Legittima difesa? «Moltiplicherà i rischi»

Il ruolo dei privati resta insomma al centro dell’attenzione. A maggior ragione in Italia dove, ricorda Archivio Disarmo, si registra un significativo aumento delle licenze per uso sportivo, cresciute del 41,6% tra il 2014 e il 2017. L’approvazione della nuova legge sulla legittima difesa, sostiene ancora l’Istituto, dovrebbe ora tradursi in «una corsa al rilascio del porto d’armi e all’acquisto e detenzione da parte dei cittadini di pistole e fucili». E i motivi di preoccupazione non mancano di certo.

«La legittimazione psicologica fornita dalla nuova legge – dichiara Fabrizio Battistelli, presidente di Archivio Disarmo – determinerà una proliferazione delle armi da fuoco che moltiplicherà l’eventualità di incidenti, di usi involontari e di usi impropri. In definitiva un aumento del rischio».

Export armi: Italia sul podio

Stati Uniti, Italia, Brasile: è questo il terzetto dei maggiori esportatori di armi del Pianeta. Quelli, spiegano i ricercatori, con un fatturato annuo superiore al mezzo miliardo di dollari. Gli USA, precisa la ricerca, dominano sul fronte delle armi di piccolo calibro. Quelle leggere, da parte loro, «arrivano soprattutto da territori in conflitto».

Nel 2018, prosegue l’indagine, la produzione mondiale ha generato ricavi per 90 miliardi di dollari distribuiti tra un migliaio di aziende in oltre 100 Paesi. L’80% circa della produzione «viene trasferito nel mondo con strumenti legali e trasparenti, mentre il restante entra nel mercato illegale». E qui iniziano i veri problemi.

Tutto nasce dal mercato legale

Difficile fare una stima, impossibile avere cifre certe. Ma il quadro è preoccupante. La crescita della produzione di armi, infatti, tenderebbe – pare di intuire – ad alimentare il mercato parallelo che interessa trafficanti e criminali.

«Se il 10-20% del commercio delle SALW è illegale fin dalla sua fabbricazione» si legge infatti nella ricerca, «l’80-90% delle armi viene prodotto e trasferito legalmente, per poi entrare nei circuiti illegali solo in una delle fasi successive del suo ciclo di vita».

Nel 2014, riferisce lo studio, l’Afghanistan ha importato legalmente quasi 475mila armi leggere o di piccolo calibro. Duecentomila circa di queste si sono volatilizzate. Un terzo dei sequestri registrati in Europa è avvenuto lungo i confini occidentali del Continente. Balcani, Medio Oriente ed ex URSS restano le principali aree di origine delle armi illegali.

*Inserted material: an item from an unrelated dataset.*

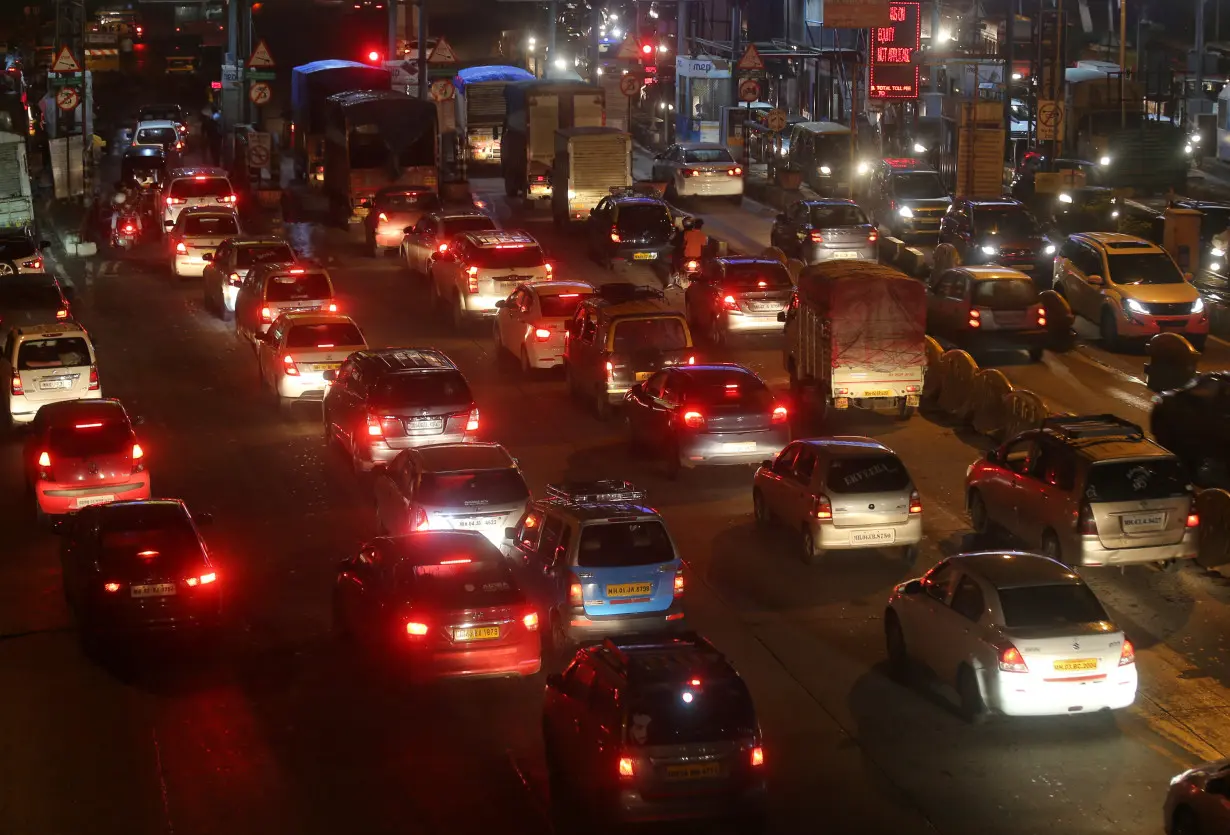 Vehicles are pictured at a toll post in Mumbai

Nel Mediterraneo allargato tre rotte della morte

L’analisi dell’IRIAD prende in considerazione i traffici illeciti nel cosiddetto Mediterraneo “allargato”, la regione che si estende idealmente ai Balcani, al Maghreb e al Medio Oriente fino al Corno d’Africa. Tre le principali strade percorse dai trafficanti:

  • C’è la rotta balcanica che dall’Ex Jugoslavia conduce le armi fino all’Europa occidentale ma anche all’Africa e al Medio Oriente passando dai Paesi del sud del Continente (Italia compresa).
  • La rotta orientale, che riversa in Africa – e ultimamente anche Europa occidentale – l’immenso deposito dell’ex Patto di Varsavia e dintorni.
  • Infine la rotta infraMENA – Medio Oriente e Nord Africa – che si limita ai mercati regionali e ha il suo perno in Libia.

Nuove frontiere: il traffico online

E poi c’è internet, ovviamente. Il dark web, sostiene l’IRIAD, offre armi usate o più spesso rubate, soprattutto pistole (84% delle vendite online). Nel 2017 il 60% dei venditori operava dagli Stati Uniti, mentre il 25% agiva dall’Europa con Danimarca e Germania in testa alla graduatoria. Le offerte partono spesso dai social network, i pagamenti – manco a dirlo – sono effettuati in criptovaluteUna criptovaluta è una valuta paritaria, decentralizzata e digitale la cui implementazione si basa sui principi della crittografia per convalidare le transazioniApprofondisci, le monete virtuali che garantiscono l’anonimato e che, non a caso, piacciono sempre di più alla criminalità organizzata. Ma questa è notoriamente un’altra storia.